Knockdown of p23 augments HIF-1α target genes. A–E, HeLa cells were treated with the indicated siRNA for 72 h and then maintained under normoxia (NX) or subjected to 2% O₂ (HX) for 16 h. mRNA levels for the indicated genes were measured by real time PCR and normalized to that of 18 S rRNA. Shown are the means ± S.D., n = 3. *, p < 0.05 compared with the respective normoxic or hypoxic control; **, p < 0.01 compared with the respective normoxic or hypoxic control; ns, not significant compared with the respective normoxic or hypoxic control. F, HEK293FT cells were transfected with 50 ng of (eHRE)3-Luc, 50 ng of pRL-TK, and either 5 or 15 ng of either pcDNA3-FLAG-PHD2 or pcDNA3-HA-PHD2 (C36S/C42S). DNA doses were held constant by the addition of pcDNA3. After 8 h, cells were exposed to 1% O₂ (HX) for an additional 16 h or maintained under normoxia (NX). Cells were lysed, and luciferase activity was measured and normalized to that of Renilla luciferase. Shown are the means ± S.D., n = 3. *, p < 0.05 compared with the respective normoxic or hypoxic control; **, p < 0.01 compared with the respective normoxic or hypoxic control; ns, not significant compared with the respective normoxic or hypoxic control.

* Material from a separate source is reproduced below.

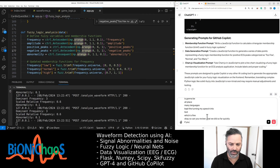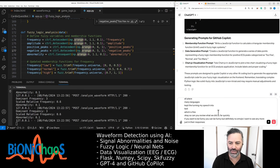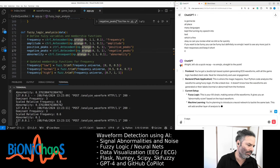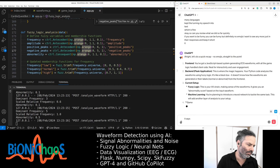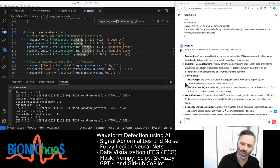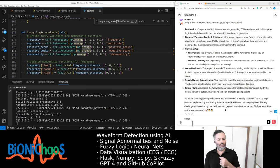Can you review what we did so far, quickly? If you want to be funny you can be, but definitely no emojis, and keep it short. Alright, let's do a quick recap. Front end: a JavaScript-based system generating ECG waveforms with all the game logic handled client-side. Back end: Flask application — your Python code analyzes the waveforms using fuzzy logic. It's like a black box — it doesn't know how the waveforms are generated or their labels from the front end.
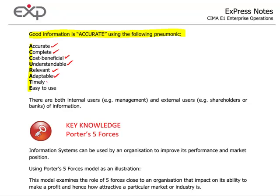Timely - it's provided on a timely basis. And Easy to use. So a useful mnemonic to remember: good information is ACCURATE.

Mass spectrometry identification of PHD2-interacting proteins. A, Flp-In T-Rex HEK293 or Flp-In T-Rex HEK293/FLAG-PHD2 cells were grown in the presence of amino acids with light or heavy labeled lysine/arginine, respectively and subjected to immunoprecipitation (IP) with anti-FLAG antibodies, and the eluates were mixed and subjected to tryptic digest and mass spectrometry. The square and hexagon depict proteins that bind specifically to PHD2, whereas the small circles depict proteins that bind non-specifically to the antibody (or resin). B, HEK293FT cells were transfected with expression vectors for the indicated proteins, lysed, and subjected to immunoprecipitation with anti-FLAG antibodies, and Western blots (WB) were then performed. The positions of HA-PHD2 or molecular weight markers are shown to the right. C, Flp-In T-Rex HEK293 or Flp-In T-Rex HEK293/FLAG-PHD2 cells were induced with doxycycline, lysed, and subjected to immunoprecipitation with anti-FLAG antibodies. The immunoprecipitates were eluted with 3X FLAG peptide. Aliquots of lysate or eluate were then subjected to Western blotting using antibodies against the indicated proteins. Anti-FLAG antibodies were employed to detect FLAG-PHD2. D and E, HEK293FT cells were maintained under normoxia or hypoxia (1% O₂ for 4 h) (D) or treated with control or p23 siRNA (E). Ab, antibody. Cells were lysed, incubated with 10 μg of either control or anti-PHD2 monoclonal antibody, and immunoprecipitated with protein G-agarose, and Western blots were then performed.